**TASK INPUTS:**
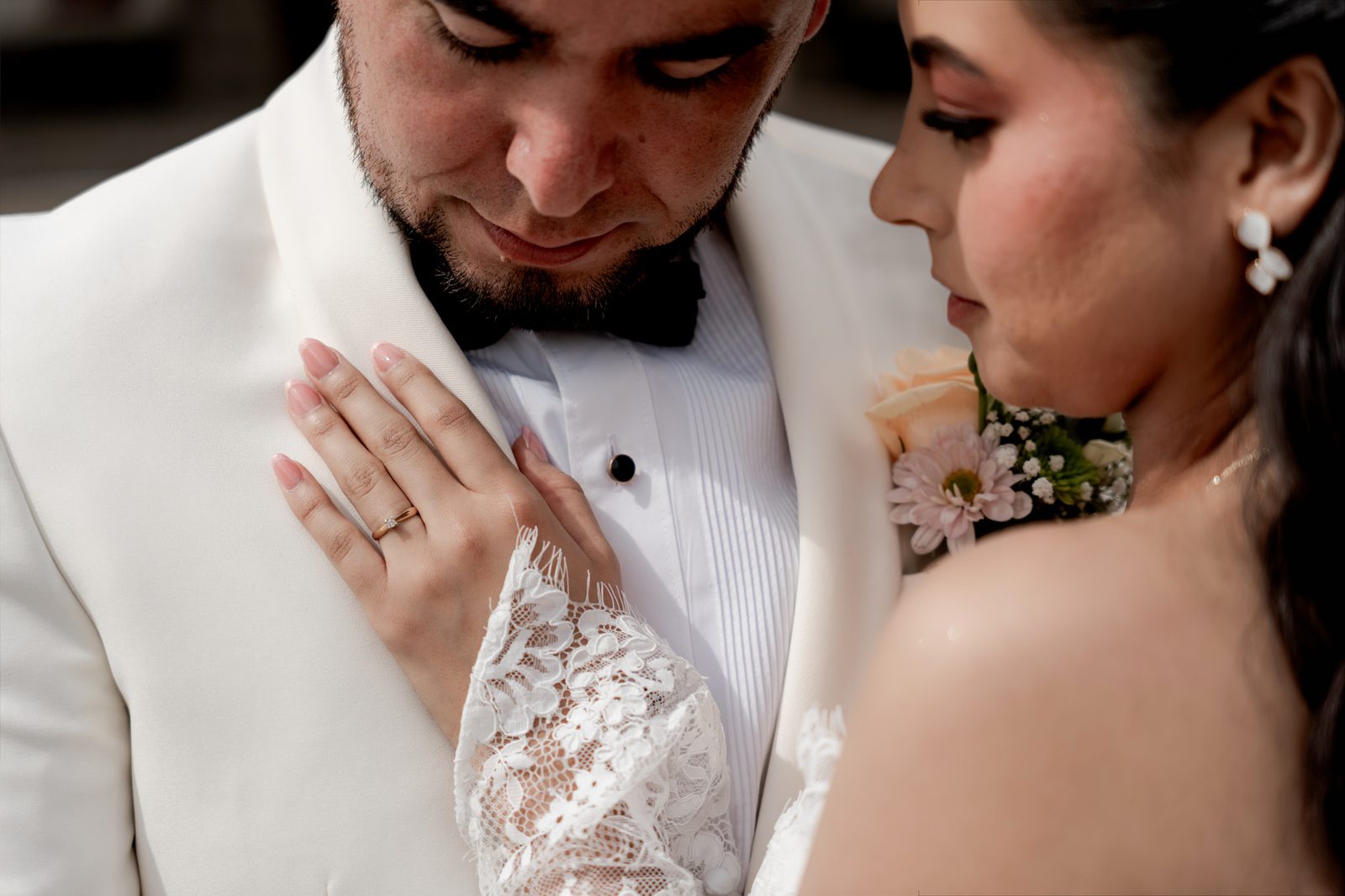 Reportaje documental de boda en La Cantera Eventos, Tonalá, Jalisco — Oscar Lara Fotografía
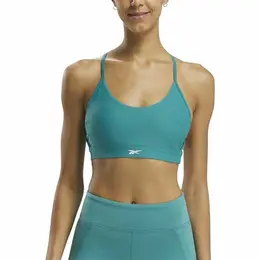 Reebok: Топ на бретельках 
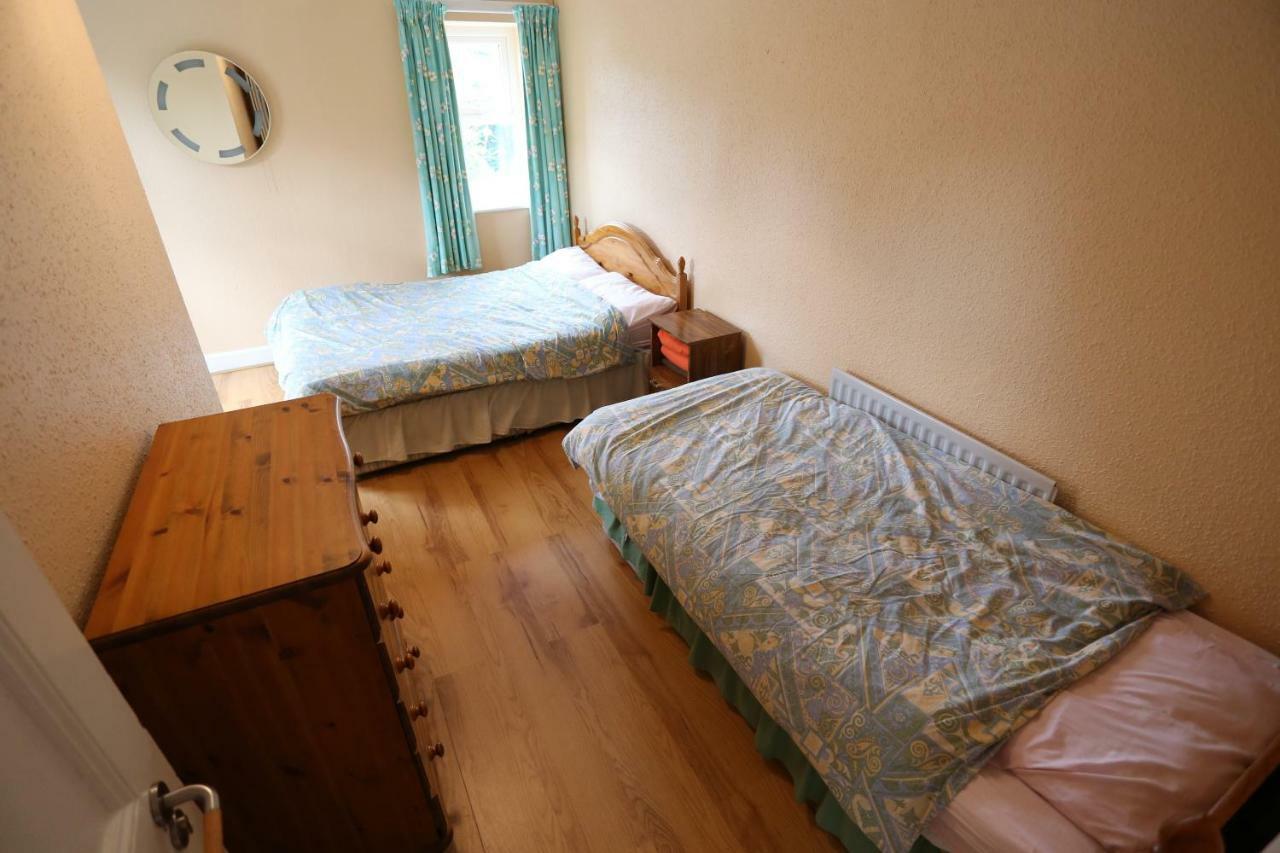 Castle Hostel Ballycastle Eksteriør billede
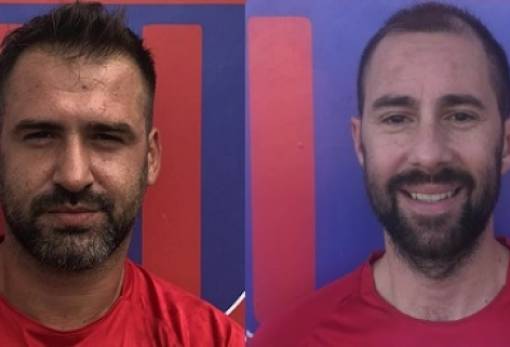 Έκλεισε άλλες δύο μεταγραφές ο ΑΟ Σπάρτη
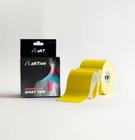 Kinesio Taping Aktive 5x5 Bandagem Elastica Adesiva Muscular Suporte Anvisa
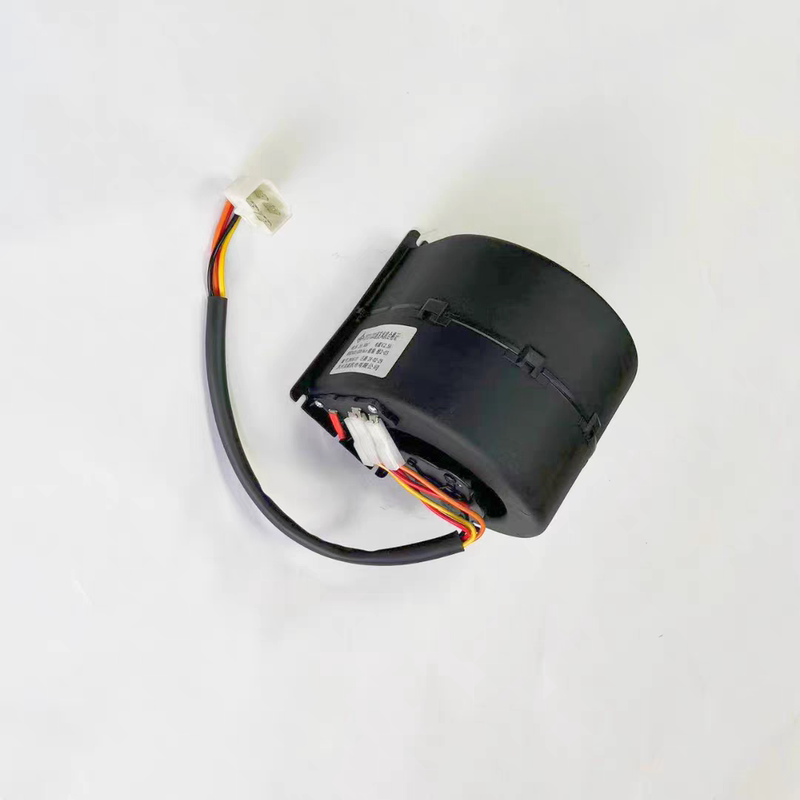 Liugong Skid Steer Loader Sweeper Carter Sweeper 6Dt010-629 Air Conditioning Evaporator Fan Blower Liugong Skid Steer Loader Sweeper Carter Sweeper 6Dt010-629 Air Conditioning Evaporator Fan Blower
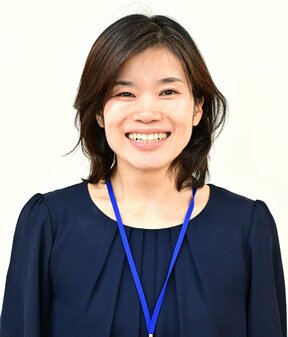 西尾　恵津子先生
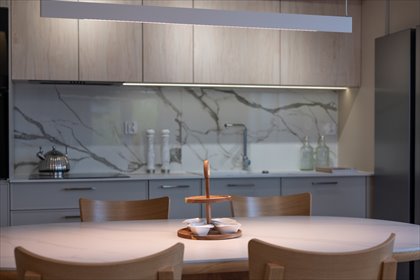 Nowoczesny 3-pokojowy apartament z tarasem i garażem mieszkanie Kraków, Krowodrza, Krowodrza, Eliasza Radzikowskiego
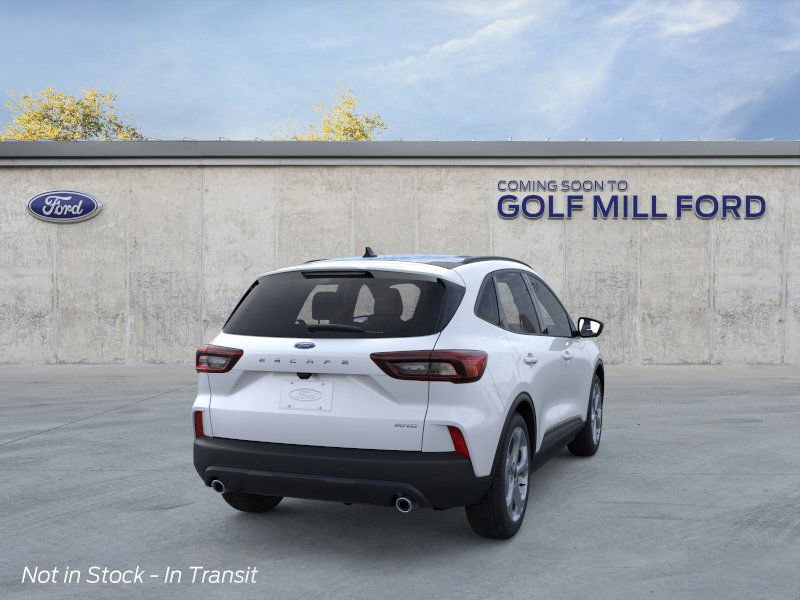 2026 FORD ESCAPE - Image 7
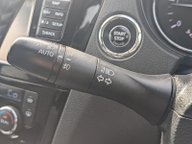 Nissan Qashqai N-CONNECTA DCI 23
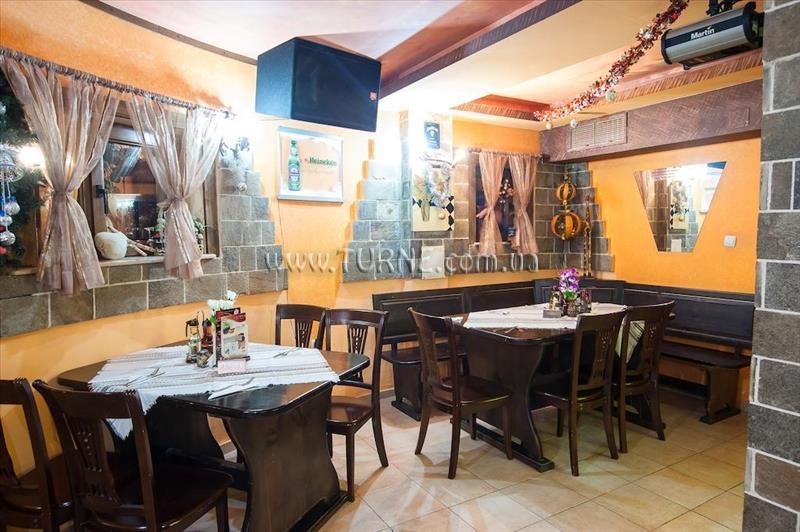 Территория Aparthotel Castle 3*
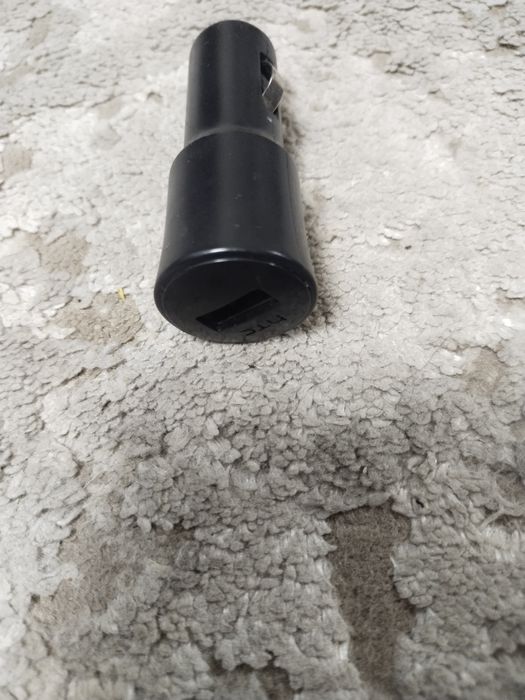 Переходник-прикуриватель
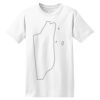 ComfortSoft® Heavyweight 100% Cotton T Shirt Thumbnail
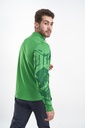 Evergreen Romba track top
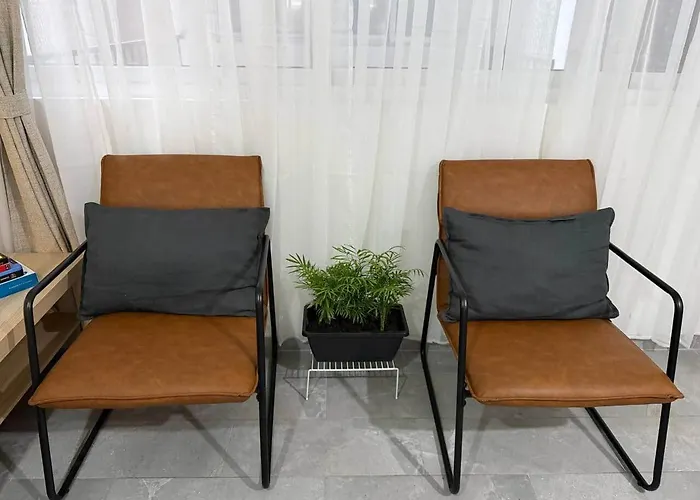 Apartment En-suite Narvarte | Metro & Centro Medico *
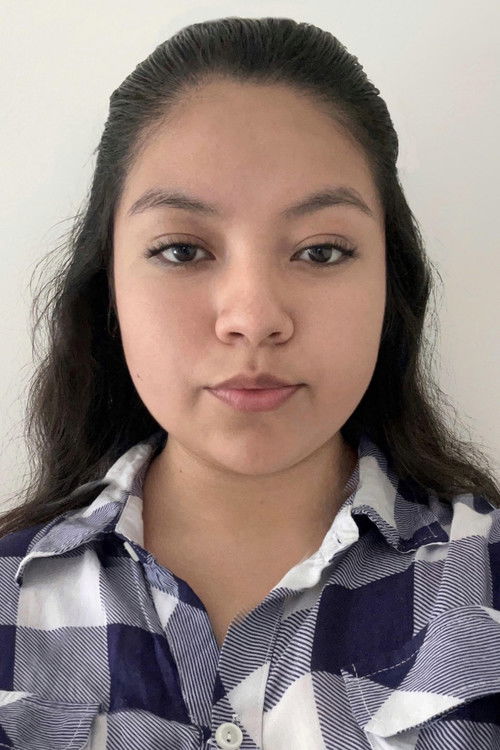 Foto de Dennise Alvarado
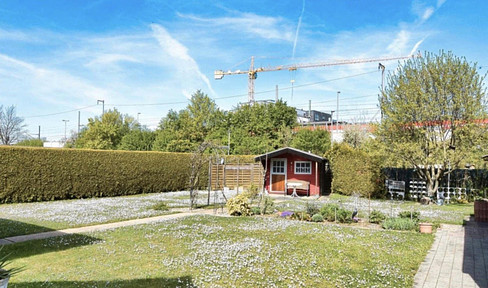 Building plot in Kerpen-Sindorf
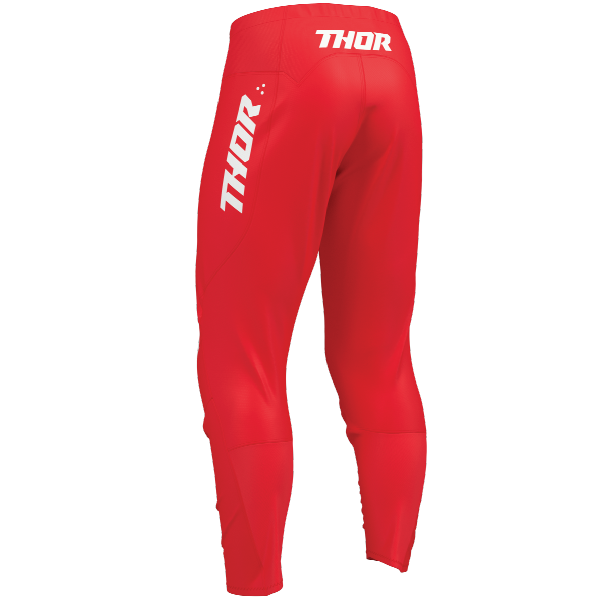 Motocross Pants Ridemode Menace Junior 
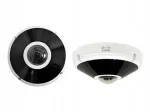 Cisco 12MP PoE+ IP-kuppelkaamera CIVS-IPC-8070-RF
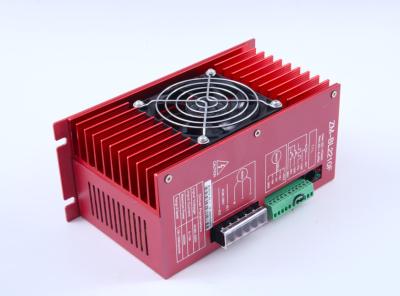CE 30VDC 3 controle sem escova do motorista DSP do motor da C.C. da fase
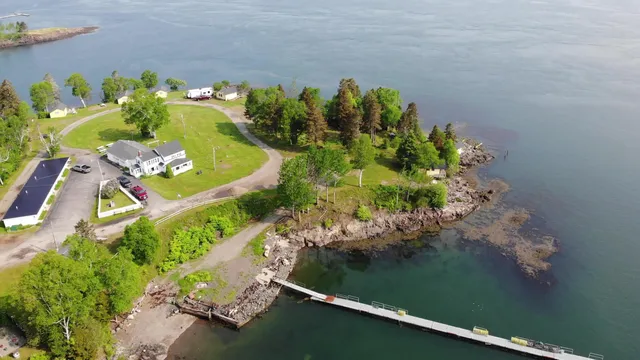 $1,900,000 | 24 Harris Point Road, Eastport, ME 04631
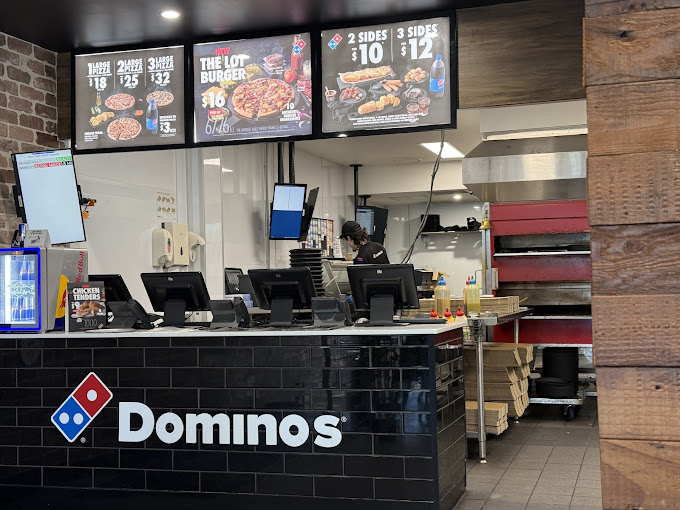 Domino's Pizza Cronulla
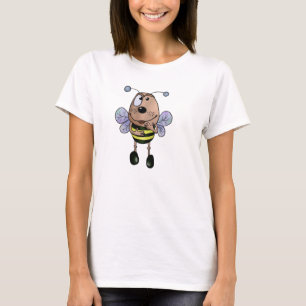Comicbiene T-Shirt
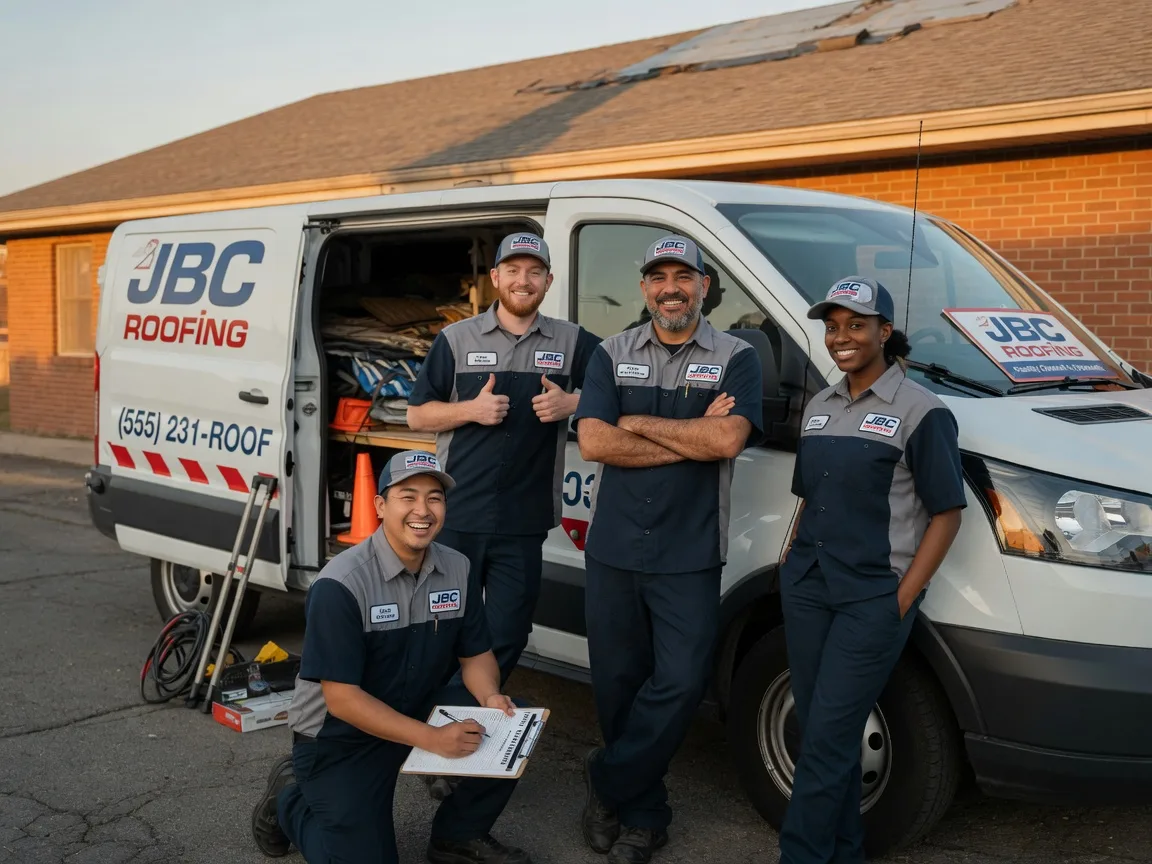 Roof Replacement company in Bancroft, ID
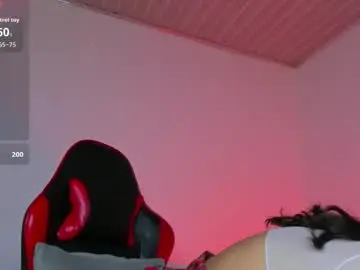 Chaturbate Live Sex of amanda_mooree_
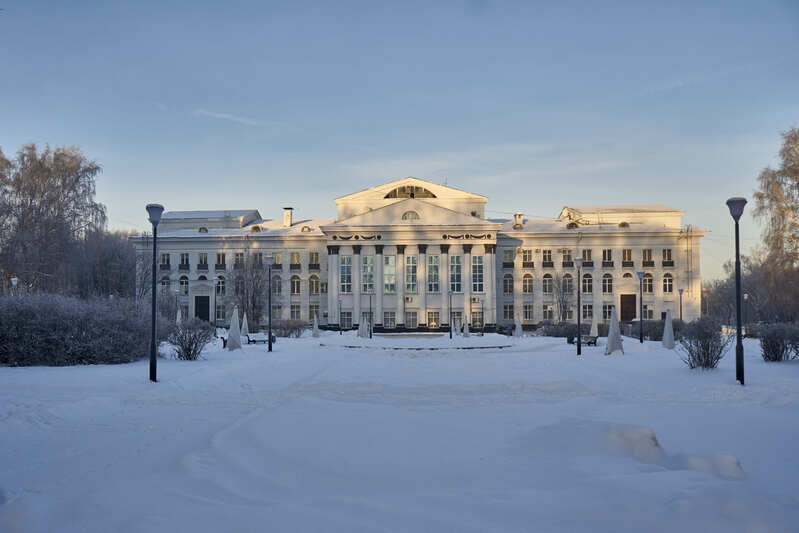 Фото сделанное пользователем Борис Астафьев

**WHAT IS NEEDED:**
Your answer should be the lines above from the one that contains "Evergreen Romba track top" through the last, set down exactly, with the pictures removed.

**SOLUTION FOR THIS PROBLEM:**
 Evergreen Romba track top
 Apartment En-suite Narvarte | Metro & Centro Medico *
 Foto de Dennise Alvarado
 Building plot in Kerpen-Sindorf
 Motocross Pants Ridemode Menace Junior 
 Cisco 12MP PoE+ IP-kuppelkaamera CIVS-IPC-8070-RF
CE 30VDC 3 controle sem escova do motorista DSP do motor da C.C. da fase
 $1,900,000 | 24 Harris Point Road, Eastport, ME 04631
 Domino's Pizza Cronulla
Comicbiene T-Shirt
 Roof Replacement company in Bancroft, ID
 Chaturbate Live Sex of amanda_mooree_
 Фото сделанное пользователем Борис Астафьев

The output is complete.